Transcribe exactly the stretch of lines beginning at the one containing "Técnico medindo sequência" and closing with the last line of the entries below. Omit images.

# Extracted records
______________________________

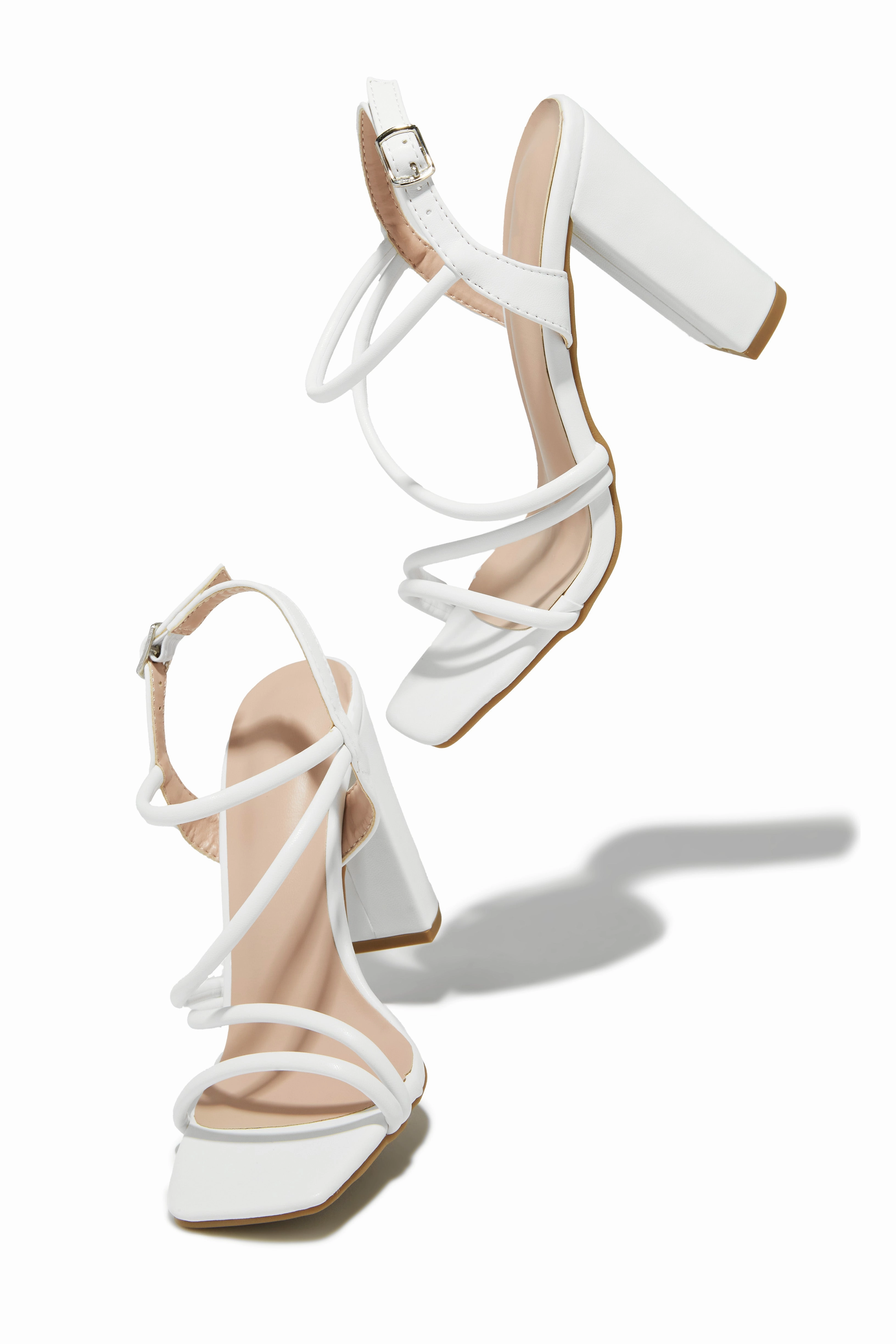 Victoria Block Heels - White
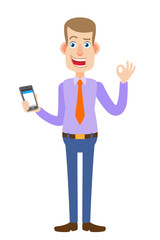 Businessman holding mobile phone and showing a okay hand sign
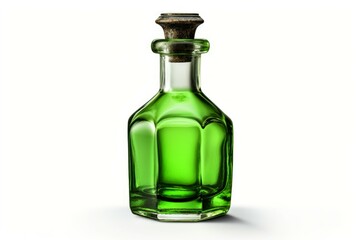 Green potion bottle. Poison flask. Generate AI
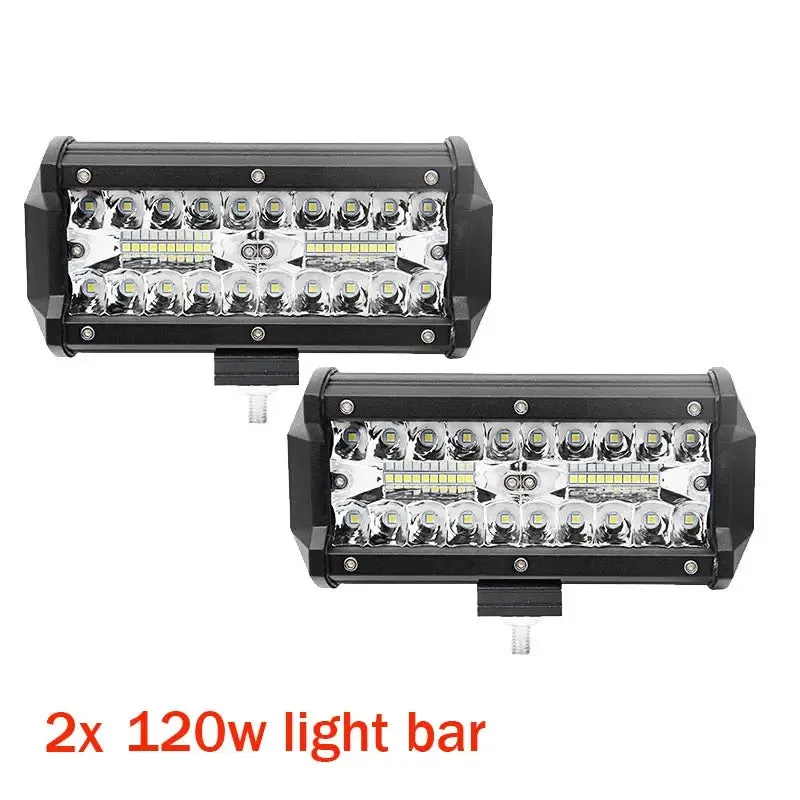 4/7 Inch 120W Combo LED Light Bar - Spot & Flood Beam, 12V 24V, for Off-Road, Work, Driving, Boat, Car, Tractor, Truck, SUV, ATV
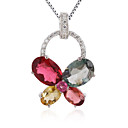 Mote 925 sølv med Tourmaline Plating 18K Gold kvinner halskjede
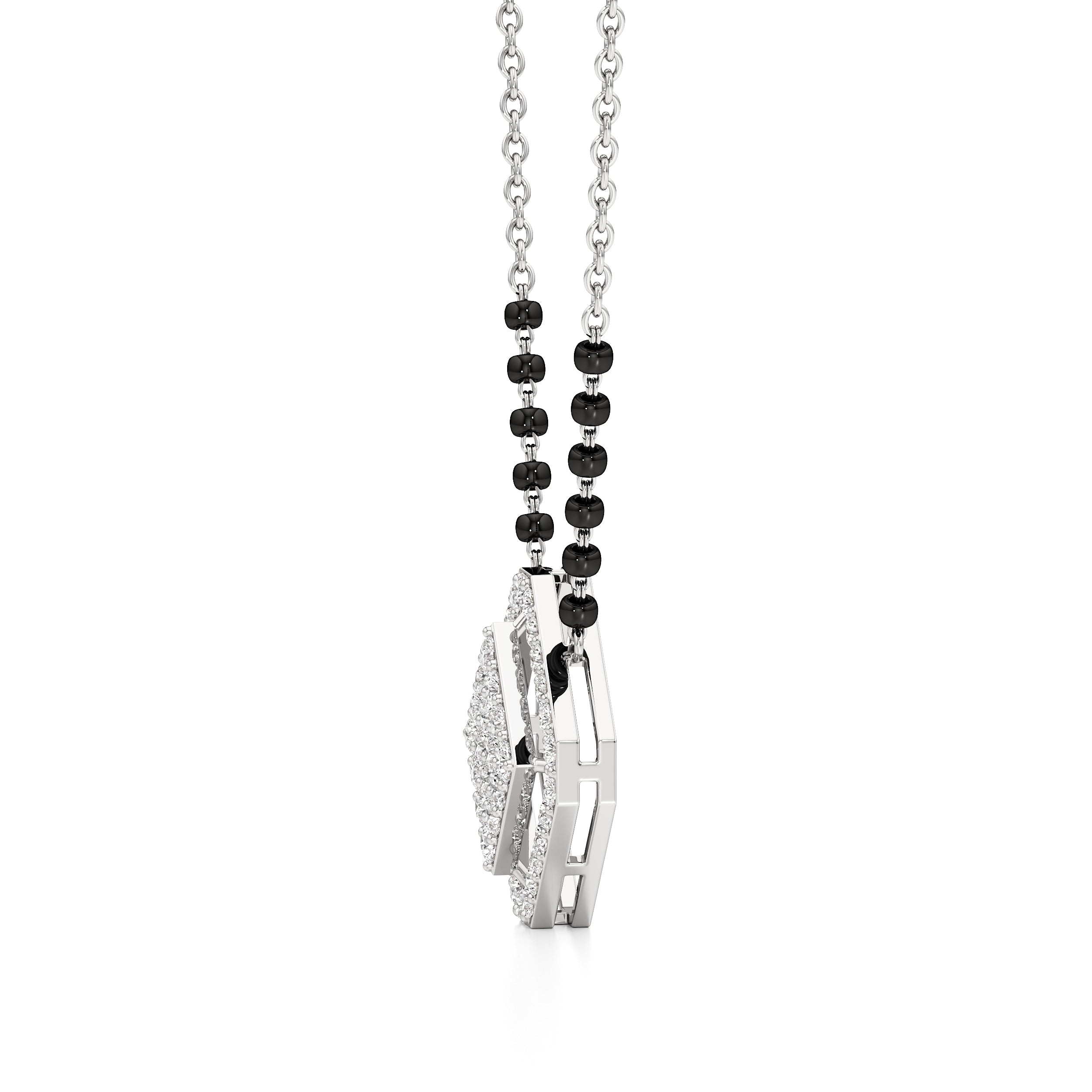 Square Halo Diamond Mangalsutra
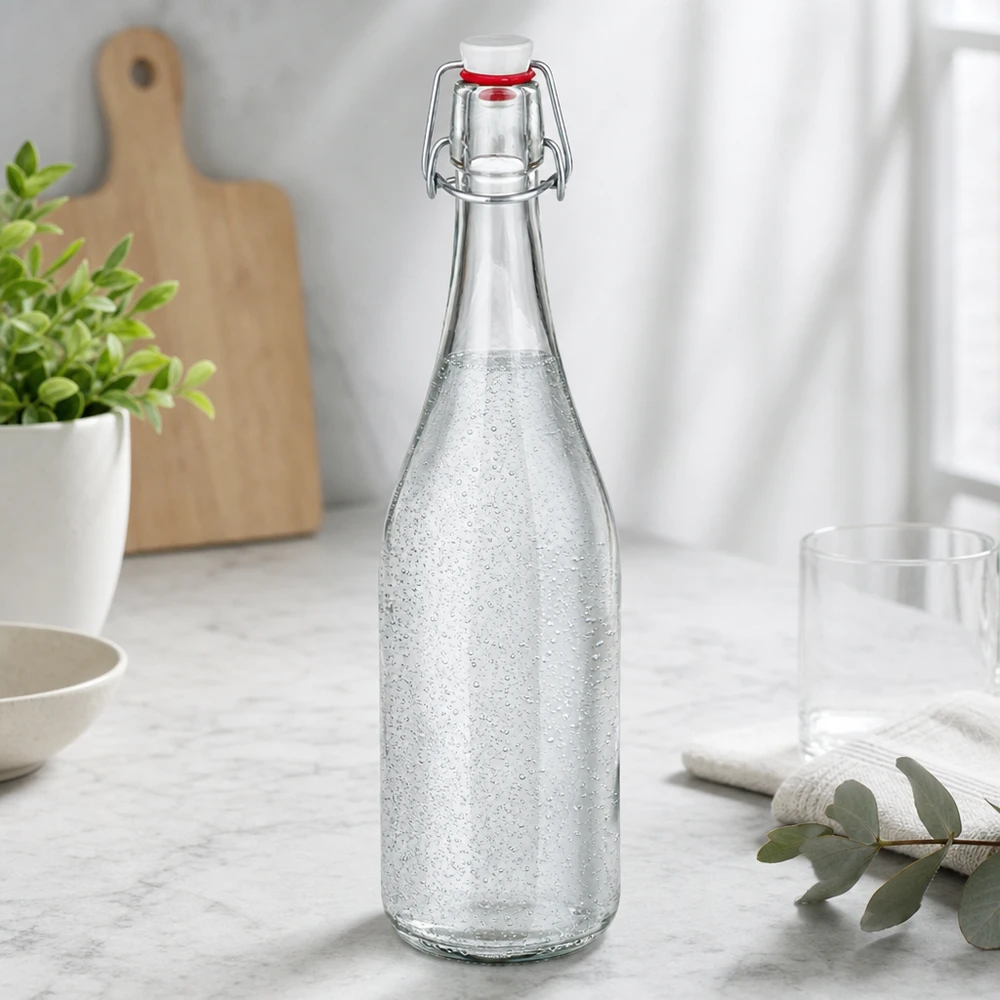 750 ml glasflaske og hængelåg i PVC UNiTWIST 750 ml glasflaske med svingtop fyldt med danskvand Køkkenindretning marmorbordplade moderne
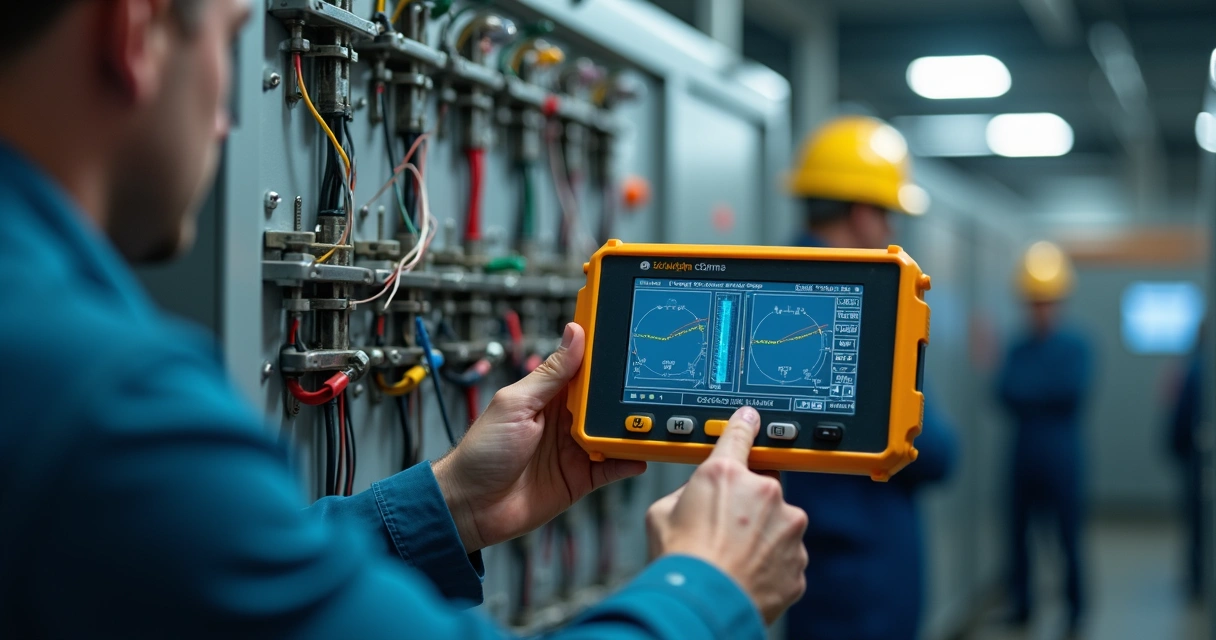Técnico medindo sequência de fases em painel elétrico industrial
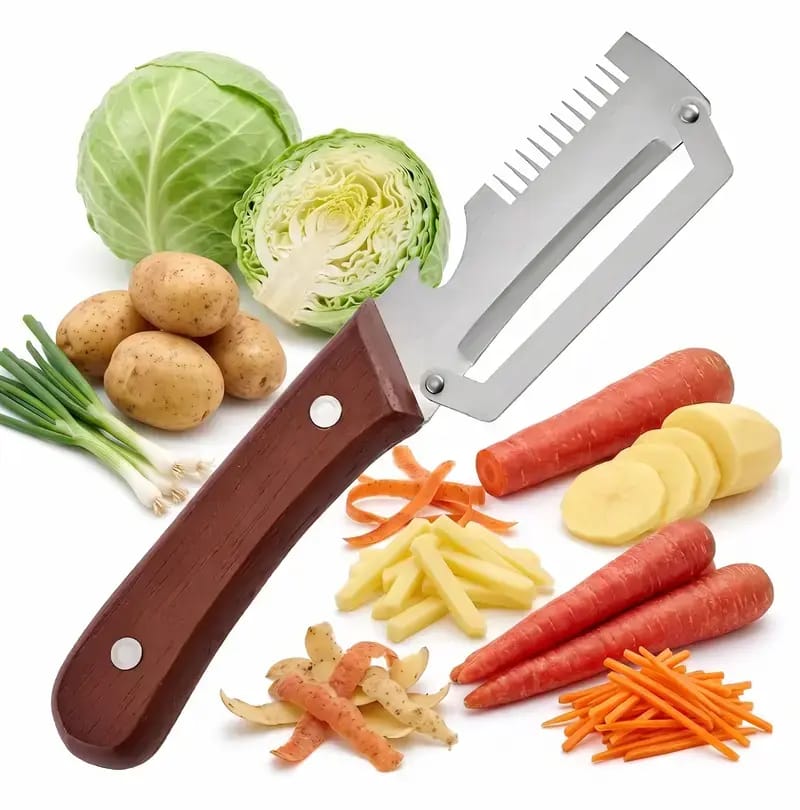 Vegetable Peeler with Bottle Opener, Multifunctional Peeler Multifunctional Stainless Steel Vegetable Peeler with Bottle Opener Double Comb Tooth Onion Cutter – Kitchen Herb Vegetable Tool for Easy Food Prep_img_0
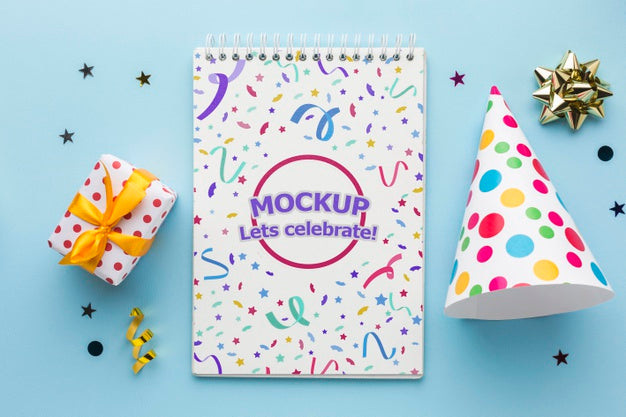 Top View Happy Birthday Party And Gift Psd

______________________________

# Response to this task
Técnico medindo sequência de fases em painel elétrico industrial
 Vegetable Peeler with Bottle Opener, Multifunctional Peeler Multifunctional Stainless Steel Vegetable Peeler with Bottle Opener Double Comb Tooth Onion Cutter – Kitchen Herb Vegetable Tool for Easy Food Prep_img_0
 Top View Happy Birthday Party And Gift Psd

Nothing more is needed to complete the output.